David Wessel, the economics editor for The Wall Street Journal, has resigned to accept a job with the Brookings Institution, a think tank based in Washington.
Wessel will be a senior fellow and oversee the Hutchins Center on Fiscal and Monetary Policy. He will still contribute to the Journal.
In a note to the Journal staff, managing editor Gerard Baker wrote, “His contributions to the Journal’s economics coverage have been peerless. I am deeply grateful to him for all he has done over 30 years in journalism, I wish him all the very best in his new venture and I look forward to enjoying the fruits of future collaboration between us.”
Wessel currently writes the Capital column, a weekly look at the economy and forces shaping living standards around the world. He also appears frequently on National Public Radio’s “Morning Edition” and on WETA’s “Washington Week.”

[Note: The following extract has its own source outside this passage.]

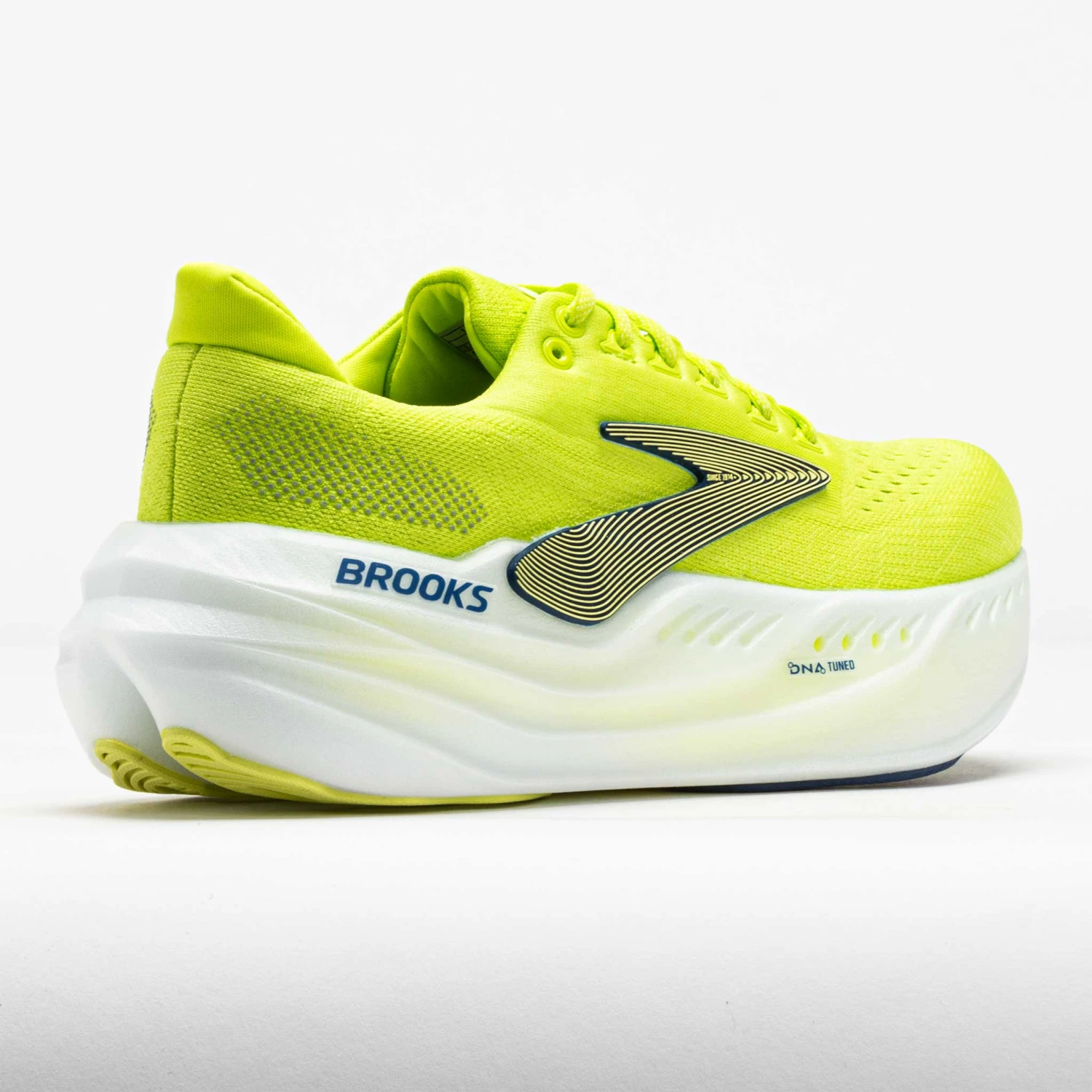 Brooks Glycerin Max Men's Lime/Navy Peony/White 6 Brooks Glycerin Max Men's Lime/Navy Peony/White - Image 6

“I’ve been a daily journalist since the day after I graduated from college in 1975, and I’m finishing my 30th year at The Wall Street Journal,” said Wessel in a statement. “It’s time to try something new.”
He is the author, most recently, of “Red Ink: Inside the High Stakes Politics of the Federal Budget” (2012). He wrote the New York Times best-seller “In Fed We Trust: Ben Bernanke’s War on the Great Panic” (2009) and, with Bob Davis, “Prosperity” (1998), a look at the American middle class.
Previously, Wessel was deputy bureau chief of The Wall Street Journal’s Washington bureau. He joined the Journal in 1984 in Boston, and moved to Washington in 1987. In 1999 and 2000, he served as the newspaper’s Berlin bureau chief.
He has worked for the Boston Globe, the Hartford (Conn.) Courant and Middletown (Conn.) Press. A product of the New Haven, Conn, public schools, he graduated from Haverford College in 1975 and was a Knight Bagehot Fellow in Business & Economics Journalism at Columbia University in 1980-81. In 2009, he was awarded an honorary doctorate in humane letters by Eureka College.
Wessel has shared two Pulitzer Prizes, one for Boston Globe stories in 1983 on the persistence of racism in Boston and the other for stories in The Wall Street Journal in 2002 on corporate wrong-doing.